Being at PAX, however, made me realize that I miss gaming. Fact is, I’ve had a lot of good times when I was gaming, and it wasn’t just about the game itself. It was the opportunity to share the joy of gaming with other people. It was doing something positive with people I enjoy spending time with, having an excuse for us all to get together, and having something that we could all get excited about. It was being part of the culture.
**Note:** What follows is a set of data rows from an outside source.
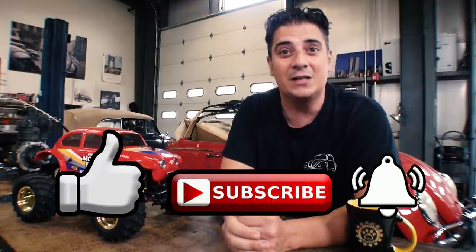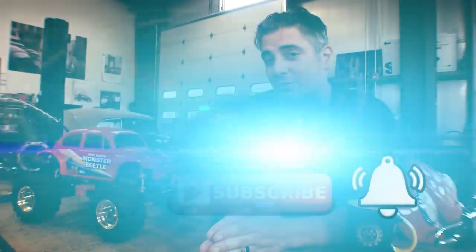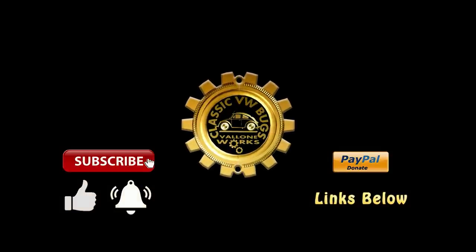So definitely — those are my seven mistakes that most people make when buying a vintage Volkswagen Beetle. If you have any additional comments, please leave them in the comment section below. Please be sure to like, subscribe, hit that notification bell, and I will be bringing you VW videos each and every week. I'll see you next time. Bye.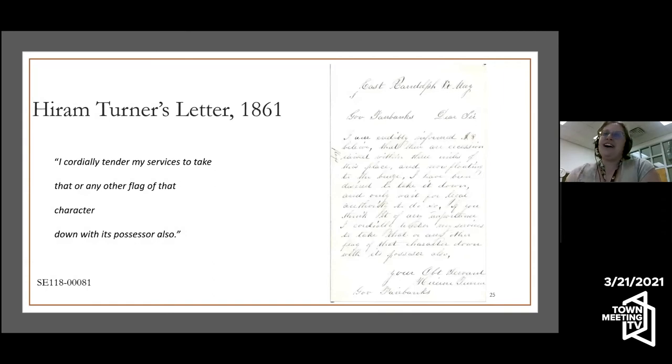Hiram Turner is not a famous scholar or statesman — he is just a person writing in 1867. He was very unimpressed with his neighbor, who had put up the Confederate battle flag during the time of war. He wrote offering the governor to 'courteously tender my services to take that or any other flag of that character down with its possessor also,' and signed it 'your obedient servant,' as was the norm at the time. This is a regular East Randolph Vermonter giving his opinion to the governor — people still do that today.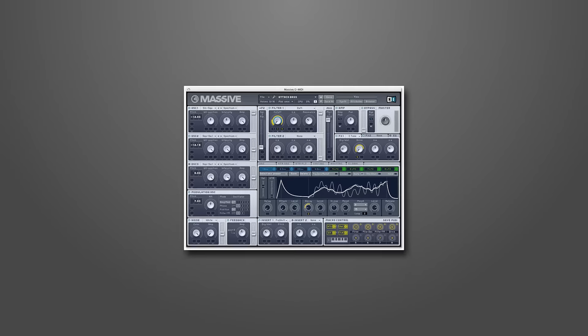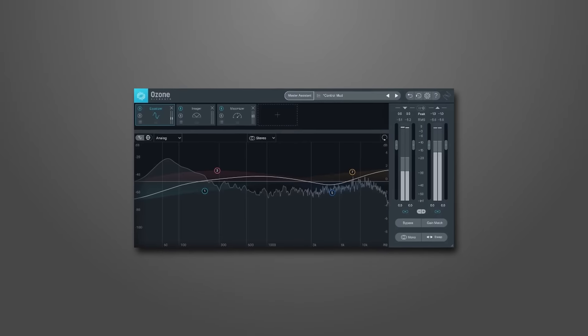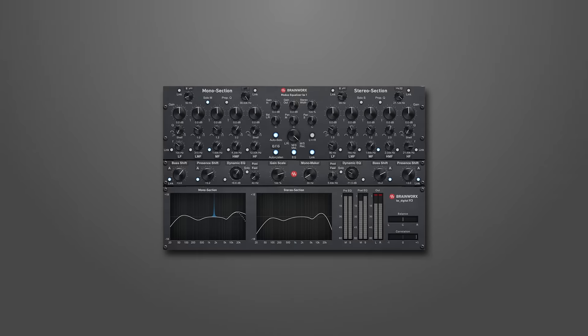I'm talking about 15 VSTs — plugs like Massive and Guitar Rig LE6 from Native Instruments, 8 iZotope and Exponential Audio VSTs including the community favorite VocalSynth 2, and an additional 5 high-quality plugins from Brainworx.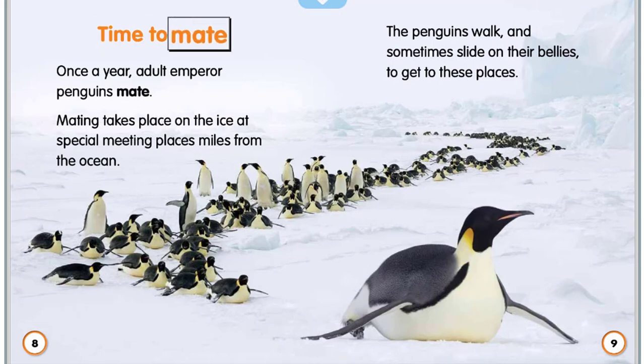Time to mate. Once a year, adult emperor penguins mate. Mating takes place on the ice at special meeting places miles from the ocean. The penguins walk and sometimes slide on their bellies to get to these places.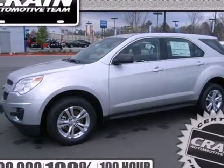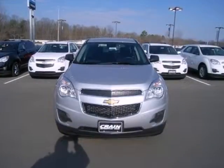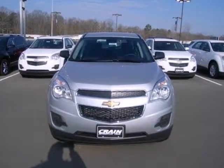It's a 2013 Chevrolet Equinox. This crossover is the way to go if you're looking for a vehicle that fits your family's lifestyle.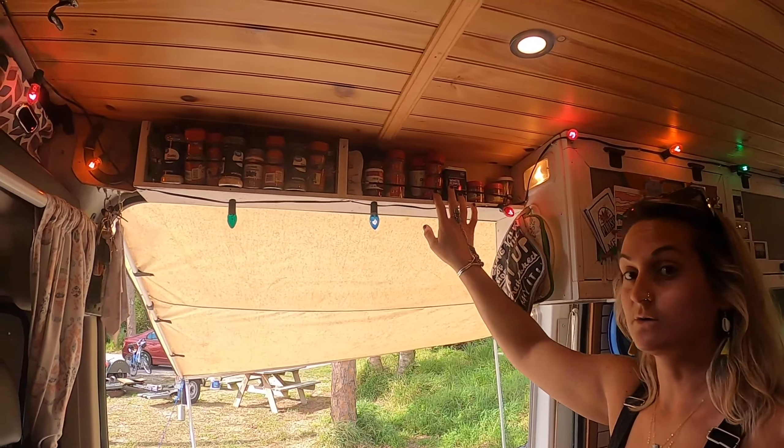Behind the door here we try to utilize as much storage as possible. We have a piece of lawn and some beach fencing we found in Louisiana. I wanted to hang my scratch-off map of all the places we've been. We also have a little cubby up here and built a little rack for hanging hats and other goodies, and we use this as storage for the rest of our hats.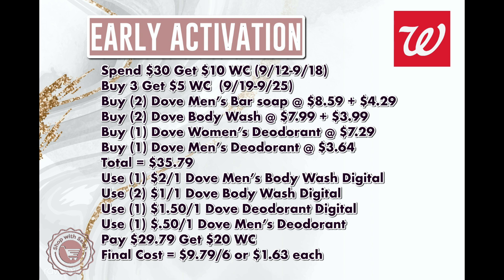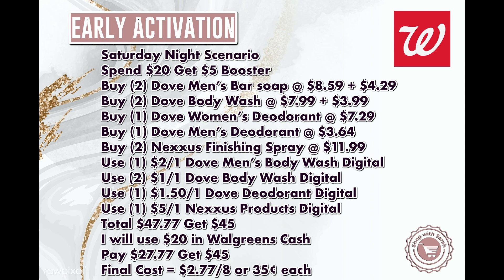That makes the total for those six Dove items $9.79, or $1.63 each. I'm going to show you a scenario I'll be doing on Saturday night's live where I get the Nexus and these Dove items and use Walgreens Cash. I think this is a really good deal if you like Dove products — six Dove products for under $10 — considering a single package of Dove men's bar soap was $8.79 in store this week.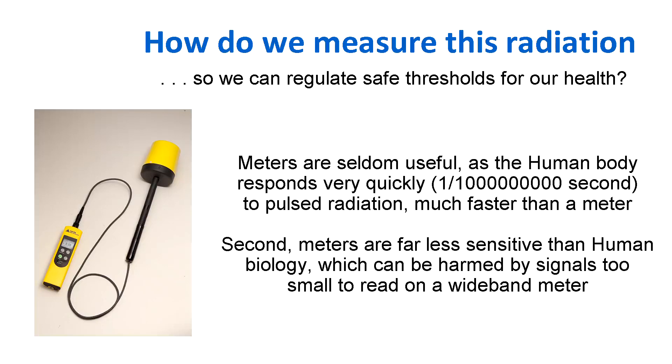The second problem is that meters are far less sensitive than human biology. They're wideband meters and, for reasons of Boltzmann noise, they just can't detect signals that affect human biology. Because human beings act more like radio receivers than wideband meters, due to the phenomenon of resonance.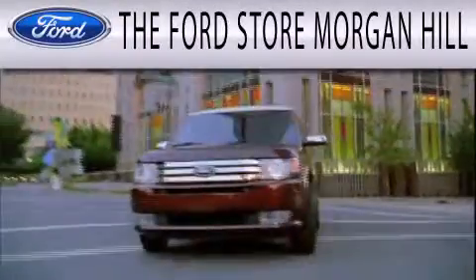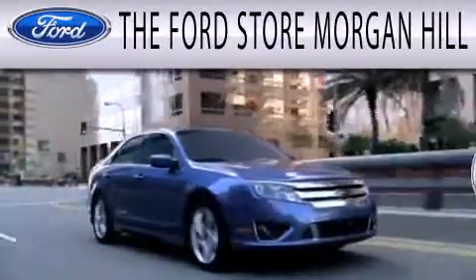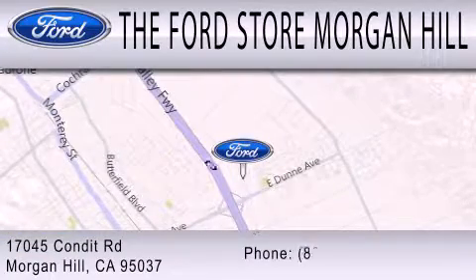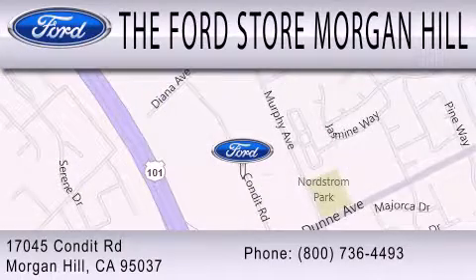The Ford Store Morgan Hill has a huge selection of over 335 new and pre-owned vehicles, all clearly marked with our bottom-line sale price right on the window for a no-hassle buying experience. Come see us off the 101 in Morgan Hill at the East Dunn exit.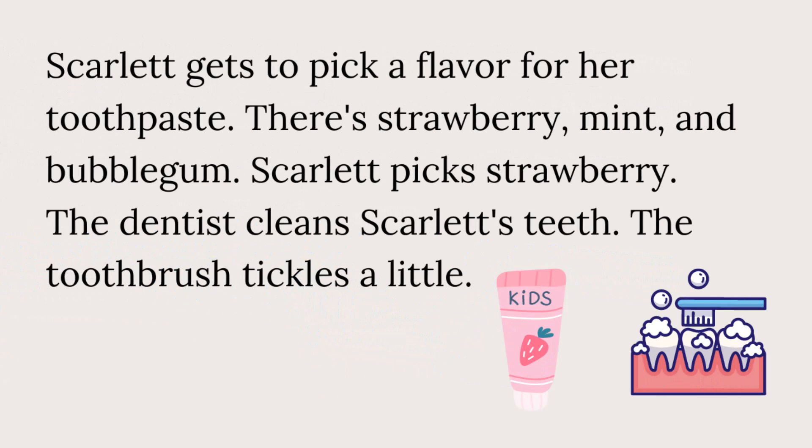Scarlett gets to pick a flavor for her toothpaste. There's strawberry, mint, and bubblegum. Scarlett picks strawberry. The dentist cleans Scarlett's teeth. The toothbrush tickles a little.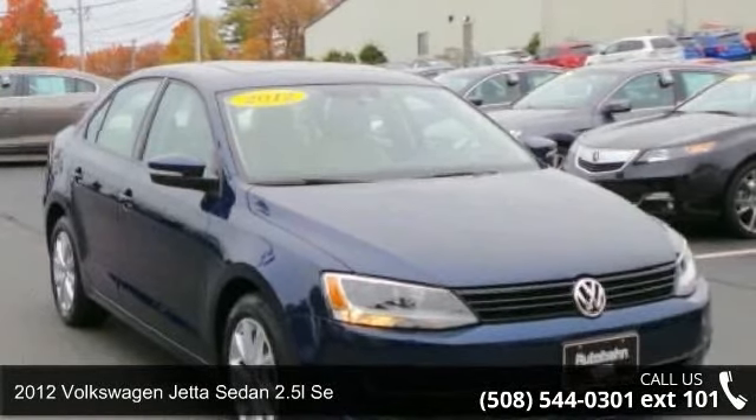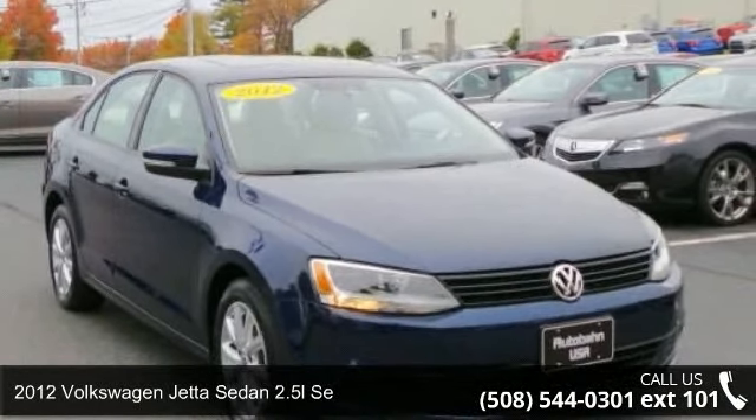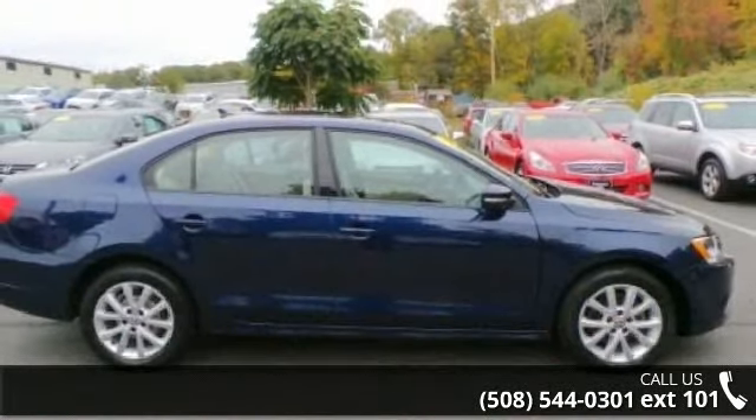Presenting the 2012 Volkswagen Jetta Sedan. If you are looking for a first-rate auto, this one could be yours today.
I’m excited about the prospect of playing Starcraft 2. I’m excited about vocal harmonies in Beatles Rock Band. I want to play Dominion again, and see if I can keep winning at it. I even want to buy the dance game for the Wii that I demo-ed at PAX, even though I was terrible at it. I want to see where this culture of gaming will go in the future, and I do want to be part of it.
I probably still won’t play games quite as much as I did back in the day, because, yeah, still working my ass off over here. But, I will absolutely play them, and I’ll enjoy them without guilt or remorse. And I won’t feel like I’m wasting my life by doing so, just because I feel like having some genuine, honest-to-god FUN today. If you can’t have fun every so often, then what’s the point of living?